Жизнеспособность дарвиновской теории и впрямь изумляет.
— Сразу после появления синтетической теории эволюции вашу науку потрясла еще одна революция — молекулярная...
В оформлении статьи использованы скульптуры В.Т. Бреля "Звездочет"
"В биологии все обретает смысл только в свете эволюции".
Майр: — Я всегда подчеркивал важнейшее значение молекулярной биологии. Но разве она изменила наше представление об эволюции? Что, например, из того, что гены состоят из нуклеотидов, а, допустим, не из протеинов? Это открытие как-то повлияло на эволюционное учение? Никак.
— Значит, если бы не было молекулярной биологии, эволюционное учение развивалось бы точно так же?
Майр: — Ну да. Разумеется, молекулярная биология открыла много важного. Например, мы узнали, что все организмы, от бактерий до зверей, используют один и тот же генетический код. Это доказывает, что все многообразие жизни произошло от одной первоформы. Важны и другие достижения молекулярной биологии. Но ни одно положение эволюционного учения не пришлось менять после этих открытий.
— Но зато изменилась биология как наука.
Майр: — Несомненно. И порой эти изменения во вред. Биохимик Джордж Уолд, например, заявил: "Есть только одна биология, и это — молекулярная биология". Это такая нелепость, что один приматолог по этому поводу сказал: "Есть только один сорт животных, и это — приматы".
— Так значит, какую роль играет теория эволюции в судьбе биологической науки?
Майр: — Центральную, конечно. Еще Феодосий Добржанский говорил: "В биологии все обретает смысл только в свете эволюции".

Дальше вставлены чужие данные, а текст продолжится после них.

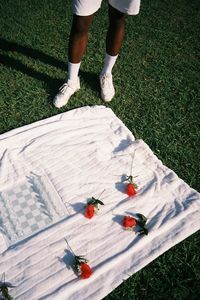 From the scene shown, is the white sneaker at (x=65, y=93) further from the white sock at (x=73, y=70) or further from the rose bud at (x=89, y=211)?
the rose bud at (x=89, y=211)

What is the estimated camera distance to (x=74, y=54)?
325 cm

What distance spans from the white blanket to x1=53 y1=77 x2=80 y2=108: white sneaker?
0.57ft

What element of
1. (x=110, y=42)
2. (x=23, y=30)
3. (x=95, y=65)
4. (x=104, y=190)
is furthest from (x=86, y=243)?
(x=23, y=30)

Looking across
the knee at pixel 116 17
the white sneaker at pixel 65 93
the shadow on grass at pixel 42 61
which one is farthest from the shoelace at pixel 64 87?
the knee at pixel 116 17

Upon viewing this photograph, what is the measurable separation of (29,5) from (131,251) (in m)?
4.43

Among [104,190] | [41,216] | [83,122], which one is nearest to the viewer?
[41,216]

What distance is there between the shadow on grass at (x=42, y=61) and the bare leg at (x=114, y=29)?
0.50 meters

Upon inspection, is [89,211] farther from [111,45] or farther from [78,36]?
[111,45]

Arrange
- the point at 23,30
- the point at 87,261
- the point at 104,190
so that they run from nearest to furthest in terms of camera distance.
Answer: the point at 87,261 < the point at 104,190 < the point at 23,30

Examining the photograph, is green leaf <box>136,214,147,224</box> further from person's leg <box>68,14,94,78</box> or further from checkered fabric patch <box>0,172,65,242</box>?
person's leg <box>68,14,94,78</box>

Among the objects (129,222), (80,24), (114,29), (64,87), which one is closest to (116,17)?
(114,29)

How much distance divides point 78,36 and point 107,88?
0.71m

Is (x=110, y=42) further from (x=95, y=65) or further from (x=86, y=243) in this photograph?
(x=86, y=243)

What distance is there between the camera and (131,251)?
2.33m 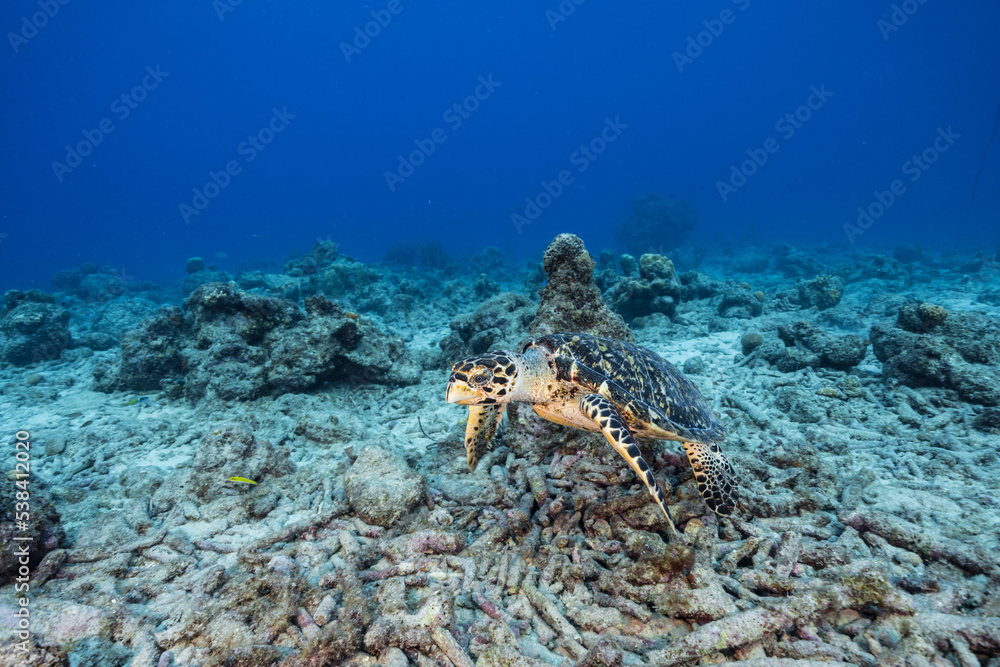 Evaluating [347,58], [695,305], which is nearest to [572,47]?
[347,58]

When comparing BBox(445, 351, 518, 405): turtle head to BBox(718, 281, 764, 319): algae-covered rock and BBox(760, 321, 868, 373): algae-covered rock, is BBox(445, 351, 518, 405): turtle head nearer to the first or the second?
BBox(760, 321, 868, 373): algae-covered rock

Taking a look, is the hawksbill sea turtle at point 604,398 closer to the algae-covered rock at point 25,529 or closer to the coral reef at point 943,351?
the algae-covered rock at point 25,529

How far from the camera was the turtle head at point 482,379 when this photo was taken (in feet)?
11.1

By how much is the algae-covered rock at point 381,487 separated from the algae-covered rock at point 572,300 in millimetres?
3222

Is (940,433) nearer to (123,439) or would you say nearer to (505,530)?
(505,530)

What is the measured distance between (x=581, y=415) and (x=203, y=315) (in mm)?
7139

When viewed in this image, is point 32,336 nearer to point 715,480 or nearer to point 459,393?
point 459,393

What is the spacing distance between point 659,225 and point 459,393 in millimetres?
36394

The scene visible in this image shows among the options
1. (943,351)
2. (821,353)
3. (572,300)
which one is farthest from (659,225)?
(572,300)

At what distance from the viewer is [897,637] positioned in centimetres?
206

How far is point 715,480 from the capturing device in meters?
3.31

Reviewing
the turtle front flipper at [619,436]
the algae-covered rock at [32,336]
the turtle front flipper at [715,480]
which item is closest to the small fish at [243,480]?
the turtle front flipper at [619,436]

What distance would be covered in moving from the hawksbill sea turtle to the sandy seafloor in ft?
1.09

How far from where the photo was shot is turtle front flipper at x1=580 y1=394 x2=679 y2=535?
9.99ft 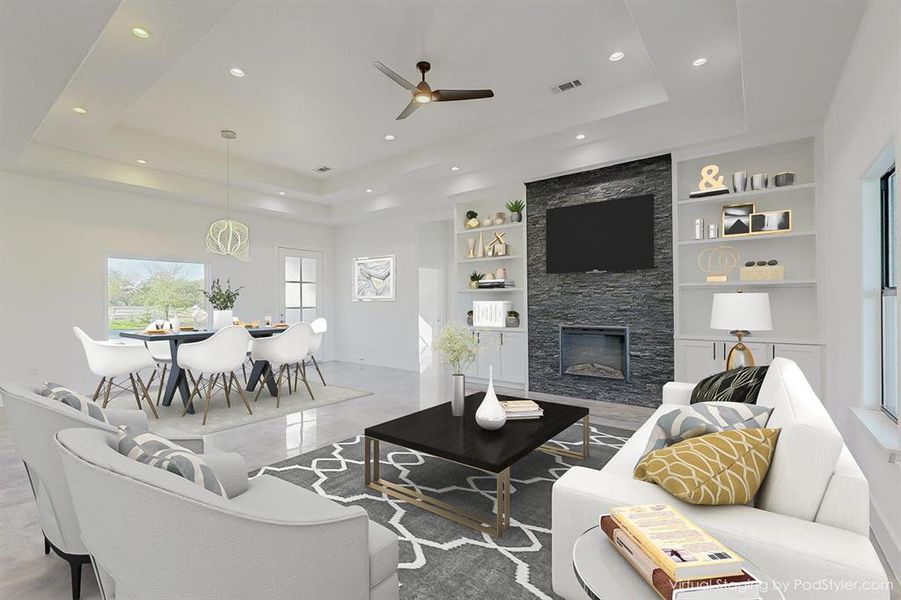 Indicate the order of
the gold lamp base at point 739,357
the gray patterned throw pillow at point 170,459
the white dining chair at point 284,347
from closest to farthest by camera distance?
1. the gray patterned throw pillow at point 170,459
2. the gold lamp base at point 739,357
3. the white dining chair at point 284,347

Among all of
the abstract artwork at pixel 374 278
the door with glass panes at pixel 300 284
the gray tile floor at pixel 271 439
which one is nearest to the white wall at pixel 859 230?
the gray tile floor at pixel 271 439

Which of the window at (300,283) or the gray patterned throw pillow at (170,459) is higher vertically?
the window at (300,283)

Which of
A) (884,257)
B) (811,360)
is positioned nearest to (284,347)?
(884,257)

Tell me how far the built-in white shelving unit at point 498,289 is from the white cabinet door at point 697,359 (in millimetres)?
1815

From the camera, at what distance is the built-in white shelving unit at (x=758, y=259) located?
157 inches

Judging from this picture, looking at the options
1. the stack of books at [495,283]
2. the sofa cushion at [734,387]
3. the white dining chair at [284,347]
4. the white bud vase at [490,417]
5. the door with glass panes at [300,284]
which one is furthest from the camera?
the door with glass panes at [300,284]

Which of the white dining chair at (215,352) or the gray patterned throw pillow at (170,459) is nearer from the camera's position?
the gray patterned throw pillow at (170,459)

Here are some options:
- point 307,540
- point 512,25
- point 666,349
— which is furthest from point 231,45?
point 666,349

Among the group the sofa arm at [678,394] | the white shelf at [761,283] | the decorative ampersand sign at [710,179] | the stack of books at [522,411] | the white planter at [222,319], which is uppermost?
the decorative ampersand sign at [710,179]

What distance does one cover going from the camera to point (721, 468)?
1284 mm

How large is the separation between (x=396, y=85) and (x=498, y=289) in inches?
113

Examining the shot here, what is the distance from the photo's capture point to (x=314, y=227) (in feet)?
27.1

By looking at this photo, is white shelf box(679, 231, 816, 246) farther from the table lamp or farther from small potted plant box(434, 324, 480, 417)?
small potted plant box(434, 324, 480, 417)

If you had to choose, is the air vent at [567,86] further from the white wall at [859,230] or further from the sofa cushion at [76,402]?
the sofa cushion at [76,402] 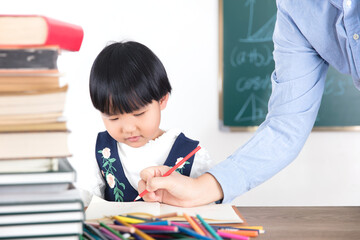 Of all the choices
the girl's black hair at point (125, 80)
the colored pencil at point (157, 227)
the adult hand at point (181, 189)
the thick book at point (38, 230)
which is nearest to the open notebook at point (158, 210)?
the adult hand at point (181, 189)

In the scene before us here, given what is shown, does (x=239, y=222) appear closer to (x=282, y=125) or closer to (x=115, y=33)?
(x=282, y=125)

— Вы полагаете, что появление теории эволюции стало величайшей революцией человеческой мысли — более значительной, чем квантовая теория или теория относительности?
Майр: — Революции в физике слишком разрекламированы. Допустим, эти новаторские теории изменили все в мире физики. Но они оказали какое-нибудь влияние на мышление среднестатистического немца? Сомневаюсь.
— А эволюция оказала?
Майр: — Да. Сознательно или нет, теория эволюции повлияла на мышление любого человека.
— Когда вы сами поняли эту теорию?
Майр: — Когда? Чем дольше я об этом думал, тем дальше углублялся в годы юности, пока мне не стало ясно, что я, собственно говоря, всегда верил в эволюцию.
— Даже будучи ребенком? Вы разве никогда не слышали, что мир сотворен Богом?
Майр: — Для меня это не играло никакой роли. Но, кстати, некоторые биологи-эволюционисты были убежденными христианами. Добржанский, например, каждый лень молился.
— Неужели можно, в самом деле, одновременно верить и в Бога, и в эволюцию?
Майр: — Честно говоря, сам никогда не мог этого понять. Пусть на этот вопрос отвечают те из моих друзей, кто верит в Бога.
— А почему человечество так долго не могло постичь эволюцию? Тысячи лет люди выводили все новые породы животных и сорта растений и считали, что биологические виды не изменяются. Как можно не замечать творения собственных рук ?
Майр: — Это и впрямь поразительно. Пожалуй, тому, кто во всем полагается на Бога, просто не придет в голову мысль об эволюции.
— Вы любите подчеркивать роль случайности в эволюции.
Майр: — Без этого не объяснить, например, почему у павлина такой пышный хвост. Он ведь ему чрезвычайно мешает убегать от врагов. Этот пример иллюстрирует еще одну сторону теории Дарвина: в ней ведь идет речь не о выживании сильнейших, а о выбраковке слабейших. Хвост для павлина в смысле выживания и впрямь не лучшее приобретение. Но если речь идет только о выбраковке слабейших, тут раздолье для признаков и не особенно плохих, и не особенно хороших.
— На какие нерешенные вопросы биологии вы охотнее всего получили бы ответ?
Майр: — Меня интересуют так называемые живые ископаемые, например, сгрелохвостые раки. Этому виду животных уже более 200 миллионов лет. Однако их древние останки мало чем отличаются от современных стрелохвостых раков. С другой стороны, есть группа рыб — африканские рыбы семейства цихловых, — которые за каких-то сто тысяч лет породили около тысячи новых видов. Почему одни популяции так быстро меняются, а другие настолько устойчивы к любым изменениям? Непонятно.